A friend of mine asked why software engineering produces products that are often buggy, while "real" engineering (like bridges) are far more reliable. I think this is a choice: we could make our software far more reliable, but at a cost of not "moving fast and breaking things". There's nothing inherent about aeronautical engineering that makes it reliable, as we see with Boeing.
I do think it's interesting to ask why there's a replication crisis in some disciplines but not others. When I'm asked if NLP and ML has a replication crisis I say it doesn't, but because I don't believe any result or approach until I've seen other people successfully apply it to their problems. While I am generally supportive of sharing data and code, I suspect this alone is not sufficient to ensure reliable scientific results (as you've been saying).

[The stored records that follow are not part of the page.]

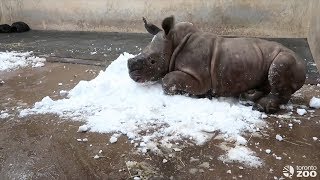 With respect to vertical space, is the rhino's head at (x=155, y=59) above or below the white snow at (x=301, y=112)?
above

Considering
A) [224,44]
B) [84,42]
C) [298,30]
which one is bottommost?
[84,42]

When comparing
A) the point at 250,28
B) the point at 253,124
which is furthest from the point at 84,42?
the point at 253,124

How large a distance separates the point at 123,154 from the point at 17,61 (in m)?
3.55

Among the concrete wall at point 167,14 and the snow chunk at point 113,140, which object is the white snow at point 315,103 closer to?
the snow chunk at point 113,140

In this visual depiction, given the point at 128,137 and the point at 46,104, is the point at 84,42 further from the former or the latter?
the point at 128,137

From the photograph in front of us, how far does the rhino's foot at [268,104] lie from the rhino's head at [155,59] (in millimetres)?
909

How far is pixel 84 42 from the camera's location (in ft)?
23.9

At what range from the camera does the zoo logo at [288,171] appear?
2318 millimetres

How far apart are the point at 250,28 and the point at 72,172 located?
5.74 meters

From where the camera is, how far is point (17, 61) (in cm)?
551

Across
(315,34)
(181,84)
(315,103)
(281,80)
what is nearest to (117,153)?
(181,84)

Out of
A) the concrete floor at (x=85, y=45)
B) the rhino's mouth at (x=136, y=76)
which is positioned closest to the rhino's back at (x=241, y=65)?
the rhino's mouth at (x=136, y=76)

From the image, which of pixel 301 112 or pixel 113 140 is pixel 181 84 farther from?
pixel 301 112

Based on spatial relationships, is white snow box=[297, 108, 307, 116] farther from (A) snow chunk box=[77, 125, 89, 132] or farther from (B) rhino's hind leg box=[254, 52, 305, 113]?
(A) snow chunk box=[77, 125, 89, 132] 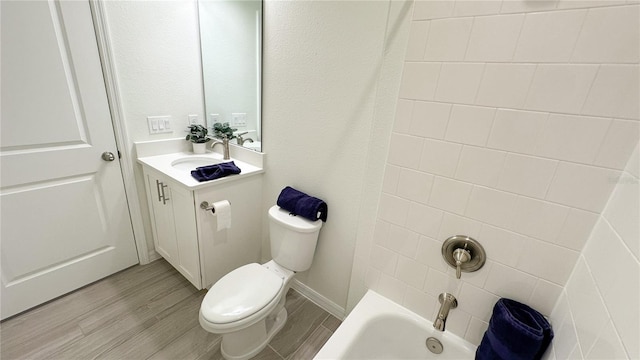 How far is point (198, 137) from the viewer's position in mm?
1903

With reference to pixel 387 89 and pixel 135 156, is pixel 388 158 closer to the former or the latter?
pixel 387 89

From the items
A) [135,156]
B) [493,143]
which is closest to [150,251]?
[135,156]

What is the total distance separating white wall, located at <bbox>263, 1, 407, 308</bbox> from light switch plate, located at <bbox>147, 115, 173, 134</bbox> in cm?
75

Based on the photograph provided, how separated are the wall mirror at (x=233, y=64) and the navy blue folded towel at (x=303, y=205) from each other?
1.55 ft

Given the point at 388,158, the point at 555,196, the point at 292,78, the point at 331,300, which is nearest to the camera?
the point at 555,196

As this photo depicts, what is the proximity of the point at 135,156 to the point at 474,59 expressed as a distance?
1.99m

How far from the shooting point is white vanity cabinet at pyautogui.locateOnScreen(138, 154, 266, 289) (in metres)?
1.48

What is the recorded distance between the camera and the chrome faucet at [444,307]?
1.03 metres

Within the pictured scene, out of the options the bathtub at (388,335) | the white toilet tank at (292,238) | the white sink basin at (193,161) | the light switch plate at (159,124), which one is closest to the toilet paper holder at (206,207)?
the white toilet tank at (292,238)

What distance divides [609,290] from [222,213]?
60.8 inches

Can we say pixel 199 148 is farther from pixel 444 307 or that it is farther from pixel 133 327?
pixel 444 307

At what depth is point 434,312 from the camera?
111 centimetres

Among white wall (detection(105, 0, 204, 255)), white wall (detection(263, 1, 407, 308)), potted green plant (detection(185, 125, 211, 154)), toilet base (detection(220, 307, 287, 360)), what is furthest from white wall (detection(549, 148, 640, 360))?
white wall (detection(105, 0, 204, 255))

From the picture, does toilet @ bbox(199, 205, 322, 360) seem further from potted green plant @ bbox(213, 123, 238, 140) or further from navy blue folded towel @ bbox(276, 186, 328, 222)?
potted green plant @ bbox(213, 123, 238, 140) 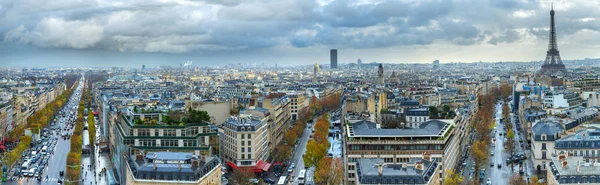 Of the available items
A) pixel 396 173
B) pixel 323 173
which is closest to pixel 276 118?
pixel 323 173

I think it was in your blog that I saw the comment that some disciplines involve sharing, adapting and re-using technology far more than other disciplines. While this sounds generally right, I think it's not the whole story. For example, psychology does reuse technology such as eye-tracking, priming, etc., across domains. The difference with NLP and ML is that the psychological claims (e.g., about hidden preferences or whatever) aren't about the technology, whereas in NLP and ML they are often directly about the technology or very close to it (e.g., LLMs can recognise certain kinds of named entities).
Just regarding the vaccine (although the rest of your comment makes sense and this may not detract from it), as far as I understand it, the efficacy of vaccine regards to "sterilization" may not just be a function of the vaccine used but the virus itself. For instance, even the flu vaccine doesn't confer sterilizing immunity esp for fast mutating viruses where the vaccine coverage is low among most demographics. I think the "over-promised" and "under-delivering" was more due to the general public's lack of knowledge of a VERY complicated subject matter: immunology. Which is basically the study of an extremely complex system with other complex systems (immune system vs. pathogens).
Yes, I agree we should have expected the vaccine to work about as well as it does, as you say. My point was that even though Australia is much like the US in many ways (perhaps a decade behind in some ways) Covid didn't produce anything like a crisis of trust in science.
There were some very strange outcomes; e.g., many Aussies liked state and regional border closures far more than I would have predicted (keeping out people from poxy Sydney and Melbourne aligned with a resentment toward those wealthier cities that I didn't know existed), and governments that implemented those closures were voted back with very large majorities. But the health officials or "science" in general weren't blamed or given credit for this decisions, as far as I can tell.
oh totally agreed: as I said my pedantic comment shouldn't detract from your point! It's sad to see that as a Canadian, I see my home-country take the same general direction as the US with trust in public health and science in general take a hit ... we even have huge measles outbreaks now. But we don't see the kind of backlash that the US is seeing. But the USA has always been an "interesting" place.